Monday, May 26, 2008
Existentialism in a Nutshell
Jean-Paul Sartre in 1970. His cigarettes and pipes were constant companions.
Photo: Leon Herschtritt/Rapho
Existentialism is a philosophy that espouses that there is no purpose at the core of existence, that we are born without specific purpose, and we do not exist because of god or some abstract cause; we are not fated to behave in certain ways, or to accomplish certain things; instead, we are born free of meaning.

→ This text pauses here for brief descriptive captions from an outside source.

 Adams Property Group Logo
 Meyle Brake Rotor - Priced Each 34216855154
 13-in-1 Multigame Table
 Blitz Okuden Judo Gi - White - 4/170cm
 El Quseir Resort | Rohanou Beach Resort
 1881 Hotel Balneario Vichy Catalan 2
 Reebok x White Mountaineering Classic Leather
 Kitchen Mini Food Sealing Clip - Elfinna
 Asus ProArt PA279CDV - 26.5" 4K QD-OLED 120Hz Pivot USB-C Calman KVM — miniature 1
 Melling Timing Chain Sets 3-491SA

Finding a way to counter this, by embracing existence itself, is the fundamental theme of existentialism (and the root of the philosophy's name). Given that someone who believes in reality might be called a “realist,” and someone who believes in a deity might be called a “deist,” someone who believes fundamentally in existence and seeks to find meaning in his or her life solely by embracing existence, is an existentialist.

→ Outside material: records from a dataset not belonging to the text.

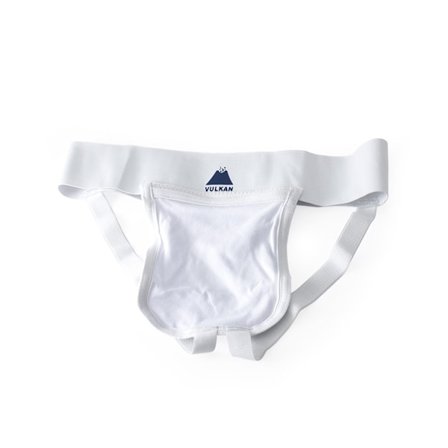 Vulkan Mens Athletic Jock Strap M Vit
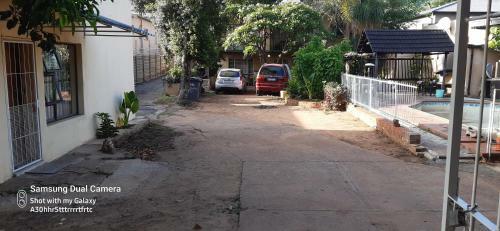 Apartamento Flowers426 Fully Furnished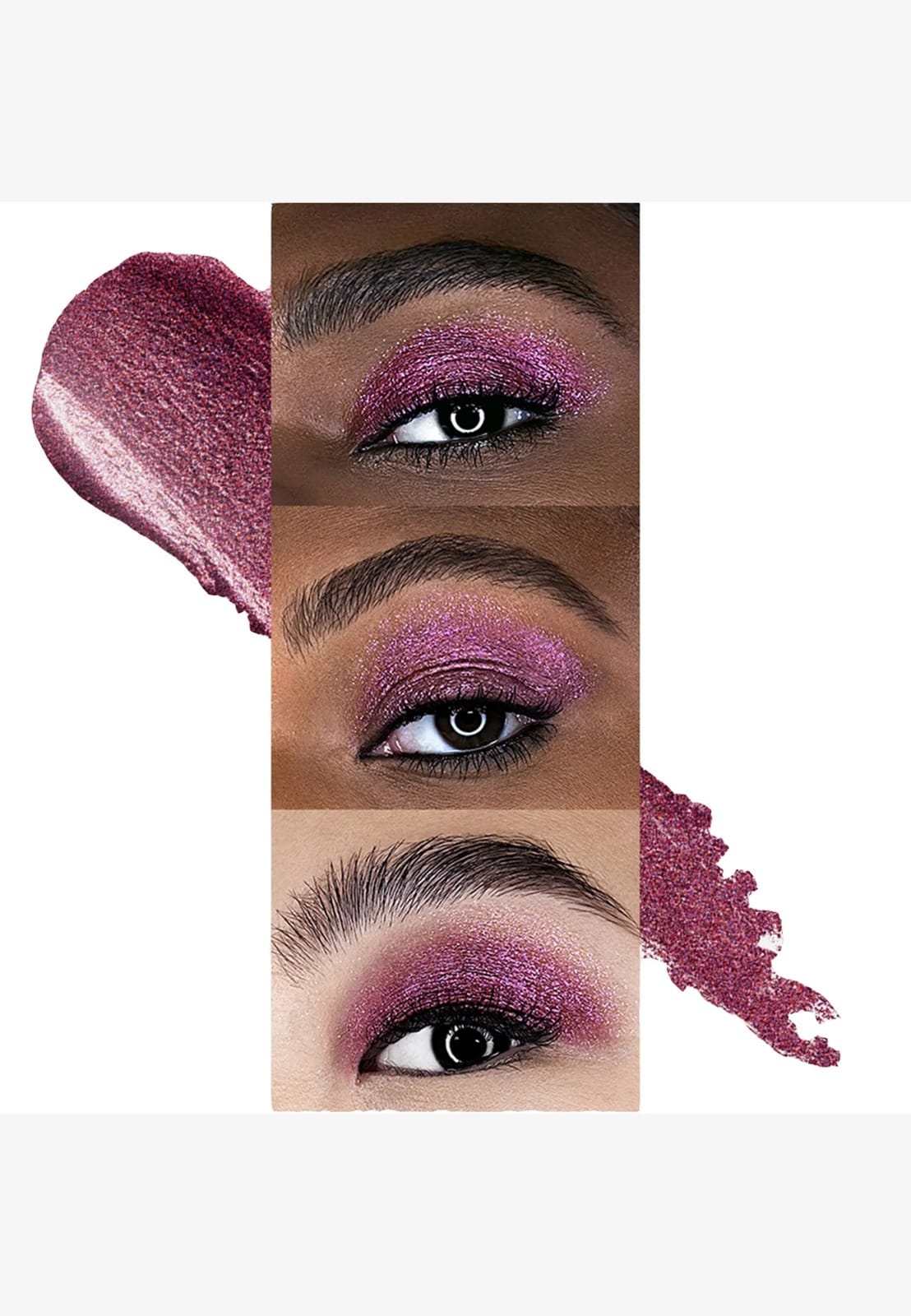 Smashbox Always On Shimmer Cream Shadow - (10ml) (Tester) - Image 2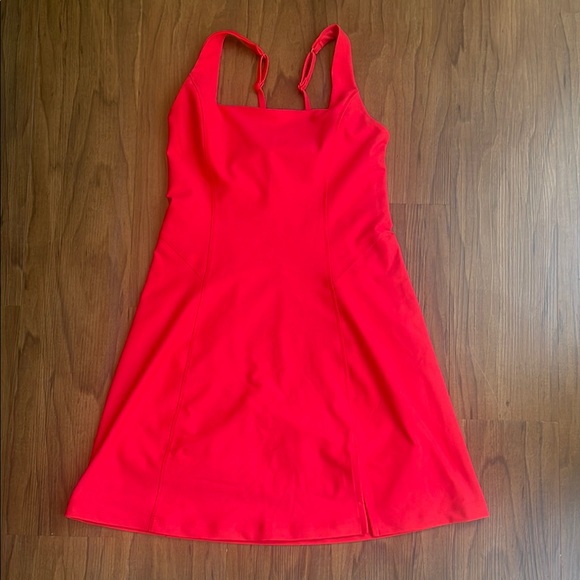 YPB Dress in Lollipop Size Small - Picture 5 of 8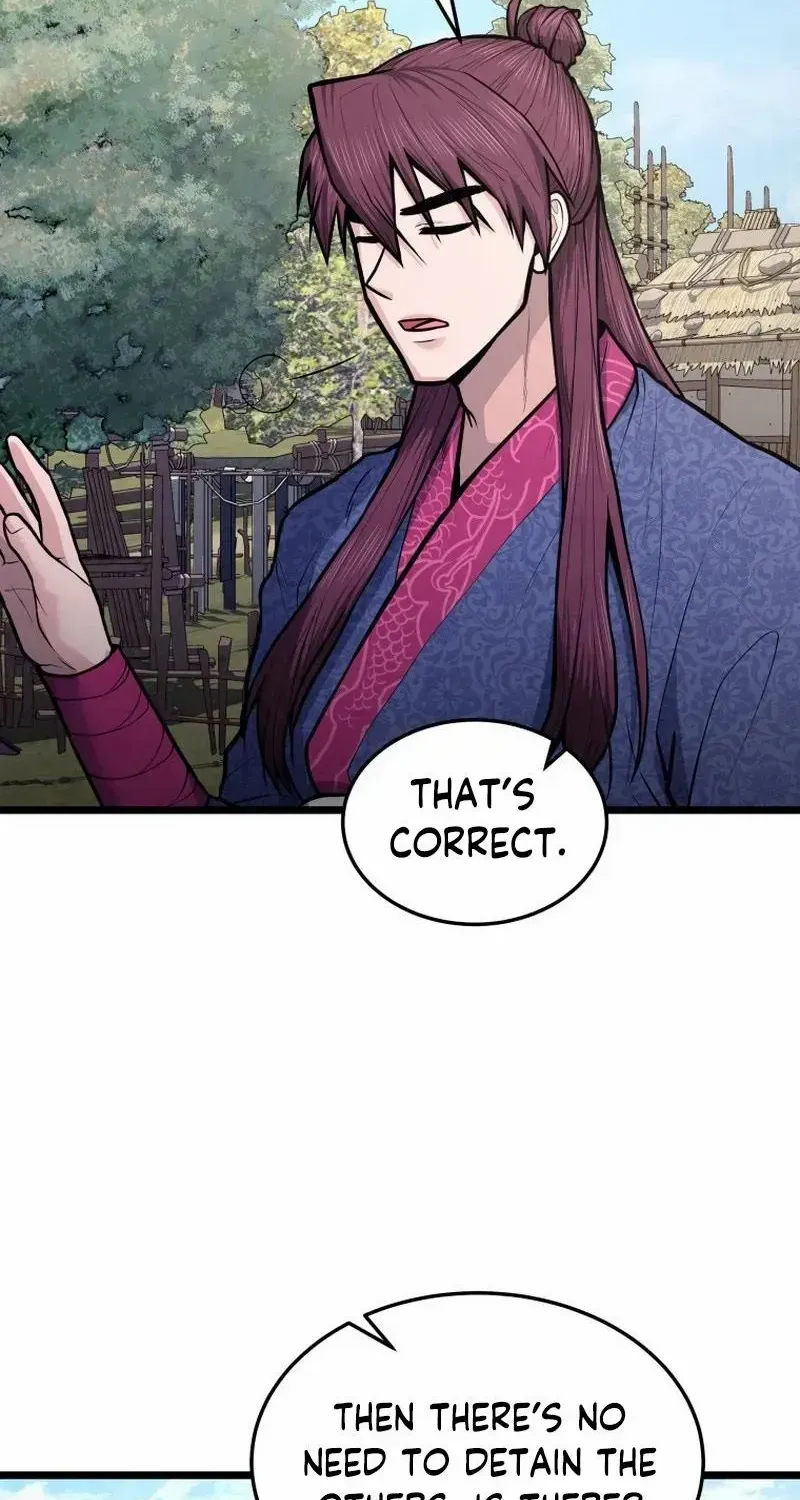 Read True Sword chapter 13 image 14 on Lezhin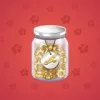 Restless Jar #575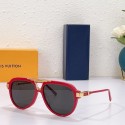 Knockoff Louis Vuitton Sunglasses Top Quality LVS00286 JK5093fY84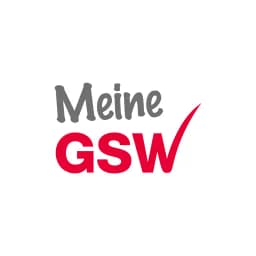 MEINE GSW Service-App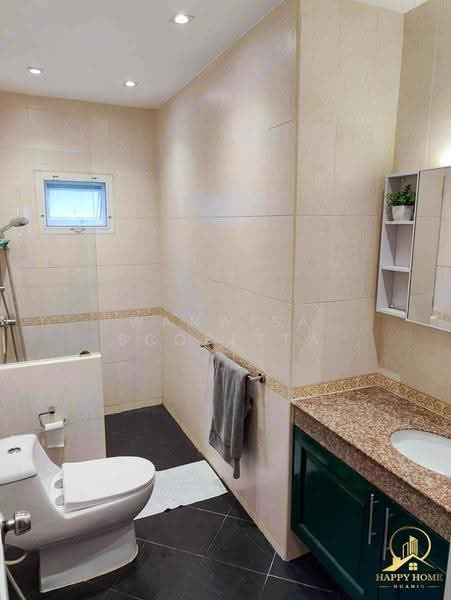Emerald Green, Prachuap Khiri Khan, Thap Tai Hua Hin, Thap Tai, Hua Hin, Prachuap Khiri Khan, 3 Bedrooms, 120 sqm, Single Detached House For Sale, by Wanwisa Scopetta, 500612983 - DDproperty.com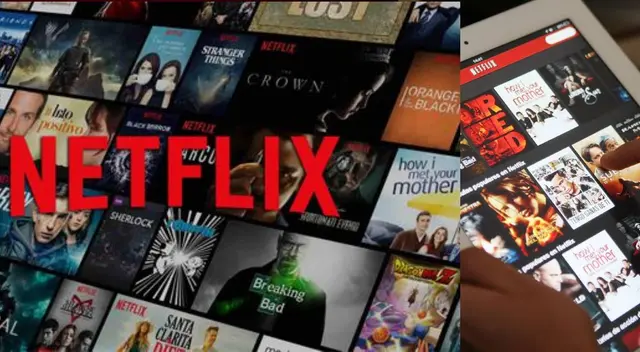 Novedades que trae Netflix para este febrero 2022 Novedades que trae Netflix para este febrero 2022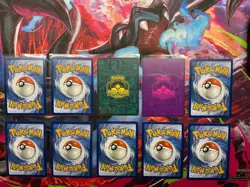 Pokemon TCG Ultra Rare Lot V - VMAX - Vstar Full Art NM - Image 4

Nineteenth-century philosophers Søren Kierkegaard and Friedrich Nietzsche were pioneers of this philosophy that reached its peak through the writings of Jean-Paul Sartre, Simone de Beauvoir and Albert Camus. Collectively they were the triumvirate of existentialist writers based in Paris in the 1940s and 1950s, although all three refuted that label. They wrote scholarly and fictional works that popularized existential themes such as “dread, boredom, alienation, the absurd, freedom, commitment, and nothingness.”
Sartre’s major work, Being and Nothingness, written in 1943, set out his philosophy that, because humans are free in every situation, they are also responsible for their our own “essence,” and the choices that they make.